Le parole sono importanti, diceva Nanni. Anche i nomi. Già dal titolo, due dei più importanti programmi di attualità ci lanciano un messaggio. Il primo rievoca implicitamente i noiosi tentativi di vendita a domicilio che, al citofono o sull’uscio di casa, ci fanno perdere tempo e pazienza. Bruno Vespa diventa un testimone di Geova catodico, un petulante venditore Stanhome, un agente della Folletto che vuole a tutti i costi rifilarci le sue spazzole.

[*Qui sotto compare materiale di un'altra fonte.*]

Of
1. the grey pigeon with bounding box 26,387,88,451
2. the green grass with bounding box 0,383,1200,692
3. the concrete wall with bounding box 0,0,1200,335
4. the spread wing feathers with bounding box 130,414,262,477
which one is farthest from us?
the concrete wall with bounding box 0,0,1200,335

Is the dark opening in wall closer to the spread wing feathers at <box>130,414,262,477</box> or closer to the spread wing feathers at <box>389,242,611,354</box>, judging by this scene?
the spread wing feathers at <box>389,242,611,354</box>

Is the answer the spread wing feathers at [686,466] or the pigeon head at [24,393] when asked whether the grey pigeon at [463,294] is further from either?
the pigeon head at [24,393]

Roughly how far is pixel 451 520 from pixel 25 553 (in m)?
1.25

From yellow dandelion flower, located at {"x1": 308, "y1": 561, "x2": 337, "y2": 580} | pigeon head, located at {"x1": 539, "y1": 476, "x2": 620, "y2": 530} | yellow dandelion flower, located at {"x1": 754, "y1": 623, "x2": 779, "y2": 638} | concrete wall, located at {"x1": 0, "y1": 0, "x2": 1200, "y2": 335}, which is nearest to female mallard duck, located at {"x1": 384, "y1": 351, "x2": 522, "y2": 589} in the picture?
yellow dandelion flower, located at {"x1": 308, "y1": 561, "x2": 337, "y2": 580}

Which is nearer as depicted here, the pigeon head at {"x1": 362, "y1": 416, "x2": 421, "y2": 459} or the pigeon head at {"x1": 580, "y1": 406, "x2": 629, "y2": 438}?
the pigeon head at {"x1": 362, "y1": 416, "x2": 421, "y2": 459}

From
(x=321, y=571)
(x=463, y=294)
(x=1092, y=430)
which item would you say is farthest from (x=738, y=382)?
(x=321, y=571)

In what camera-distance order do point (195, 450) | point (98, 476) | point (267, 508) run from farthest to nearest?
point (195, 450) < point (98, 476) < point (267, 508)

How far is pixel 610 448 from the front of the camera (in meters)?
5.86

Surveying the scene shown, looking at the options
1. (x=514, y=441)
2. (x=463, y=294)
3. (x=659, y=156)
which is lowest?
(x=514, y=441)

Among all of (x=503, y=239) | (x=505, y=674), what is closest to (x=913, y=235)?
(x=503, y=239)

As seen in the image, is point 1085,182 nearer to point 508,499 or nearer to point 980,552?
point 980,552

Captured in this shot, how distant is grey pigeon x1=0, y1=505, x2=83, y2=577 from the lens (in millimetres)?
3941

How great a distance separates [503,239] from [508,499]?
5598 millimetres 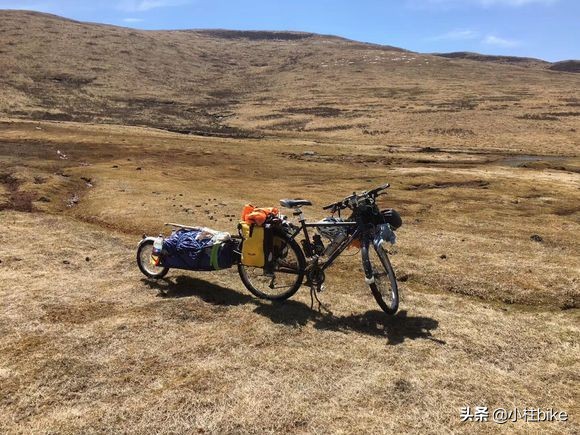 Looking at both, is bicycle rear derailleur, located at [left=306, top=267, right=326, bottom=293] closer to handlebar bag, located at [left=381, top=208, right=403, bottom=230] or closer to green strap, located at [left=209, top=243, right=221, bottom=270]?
handlebar bag, located at [left=381, top=208, right=403, bottom=230]

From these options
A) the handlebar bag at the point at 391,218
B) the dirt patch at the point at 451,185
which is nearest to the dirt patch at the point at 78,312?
the handlebar bag at the point at 391,218

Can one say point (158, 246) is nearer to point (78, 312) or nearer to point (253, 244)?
point (78, 312)

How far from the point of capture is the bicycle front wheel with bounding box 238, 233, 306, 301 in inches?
409

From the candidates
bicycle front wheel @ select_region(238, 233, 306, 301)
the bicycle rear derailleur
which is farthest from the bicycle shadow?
the bicycle rear derailleur

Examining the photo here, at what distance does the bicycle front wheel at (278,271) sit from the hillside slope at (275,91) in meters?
53.6

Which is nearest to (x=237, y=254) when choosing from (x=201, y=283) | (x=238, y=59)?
(x=201, y=283)

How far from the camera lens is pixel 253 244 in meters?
10.5

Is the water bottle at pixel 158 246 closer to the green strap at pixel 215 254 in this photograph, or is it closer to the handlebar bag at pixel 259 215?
the green strap at pixel 215 254

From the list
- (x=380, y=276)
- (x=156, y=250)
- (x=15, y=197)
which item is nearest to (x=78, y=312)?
(x=156, y=250)

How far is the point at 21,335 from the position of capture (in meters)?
8.81

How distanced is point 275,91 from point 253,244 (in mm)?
121097

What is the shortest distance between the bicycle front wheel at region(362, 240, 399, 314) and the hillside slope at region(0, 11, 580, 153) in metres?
53.4

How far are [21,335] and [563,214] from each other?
2138cm

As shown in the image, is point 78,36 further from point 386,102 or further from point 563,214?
point 563,214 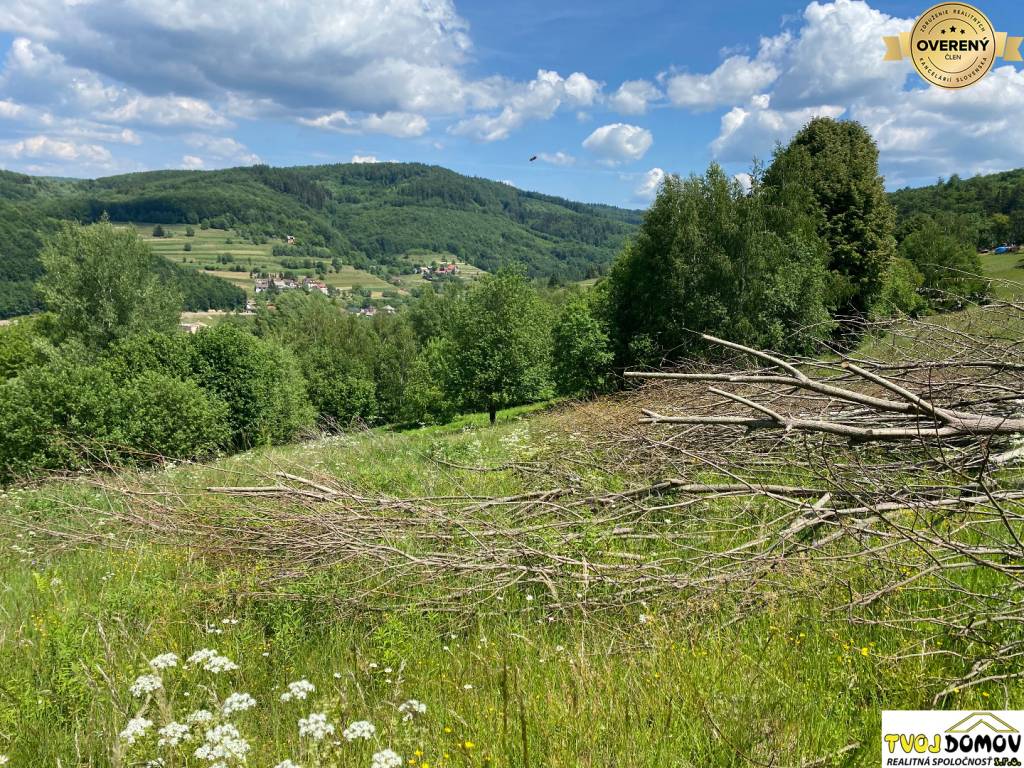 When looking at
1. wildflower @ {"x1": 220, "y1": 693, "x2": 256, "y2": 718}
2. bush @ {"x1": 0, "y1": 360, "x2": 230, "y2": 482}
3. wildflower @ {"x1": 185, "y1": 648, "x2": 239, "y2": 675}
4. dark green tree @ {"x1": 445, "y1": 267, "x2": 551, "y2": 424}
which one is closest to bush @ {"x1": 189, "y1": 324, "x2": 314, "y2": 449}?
bush @ {"x1": 0, "y1": 360, "x2": 230, "y2": 482}

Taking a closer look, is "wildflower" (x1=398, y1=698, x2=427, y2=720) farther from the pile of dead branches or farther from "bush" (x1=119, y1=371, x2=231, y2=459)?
"bush" (x1=119, y1=371, x2=231, y2=459)

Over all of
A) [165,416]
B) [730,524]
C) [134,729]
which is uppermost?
[730,524]

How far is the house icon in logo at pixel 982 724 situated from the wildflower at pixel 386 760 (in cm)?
234

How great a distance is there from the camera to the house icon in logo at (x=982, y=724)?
227 cm

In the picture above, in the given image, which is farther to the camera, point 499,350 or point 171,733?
point 499,350

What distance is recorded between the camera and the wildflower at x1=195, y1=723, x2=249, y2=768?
203cm

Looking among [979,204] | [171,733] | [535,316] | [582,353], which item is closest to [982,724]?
[171,733]

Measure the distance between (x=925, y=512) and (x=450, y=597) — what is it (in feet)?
10.2

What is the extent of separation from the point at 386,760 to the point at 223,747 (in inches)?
25.5

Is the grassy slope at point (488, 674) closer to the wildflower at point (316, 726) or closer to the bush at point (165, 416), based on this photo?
the wildflower at point (316, 726)

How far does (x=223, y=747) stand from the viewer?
2.08m

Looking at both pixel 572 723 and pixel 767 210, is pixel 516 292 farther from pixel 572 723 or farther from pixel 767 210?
pixel 572 723

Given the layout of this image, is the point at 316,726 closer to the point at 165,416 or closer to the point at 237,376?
the point at 165,416

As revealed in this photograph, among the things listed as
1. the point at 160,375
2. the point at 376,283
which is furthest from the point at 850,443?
the point at 376,283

Di Ballarò abbiamo già detto: ricalcando quel che accade nell’omonimo mercato palermitano, si trasforma regolarmente in un suk nel quale i richiami dei venditori di tappeti cercano di convincerci della bontà della loro merce, urlando più forte dei concorrenti. Come nelle fiere di paese, si tratta di piazze virtuali caotiche e barocche; un circo appesantito da elementi extra-informativi (pubblico in studio, starlette ospiti, comici…) che dura due ore e passa a puntata. Altro che 60 minutes.
La Tv di Stato si apre al mercato. In tutti i sensi. Forse un modo subliminale, o anche inconsapevole, per segnalare che si tratta di spazi in vendita al miglior offerente.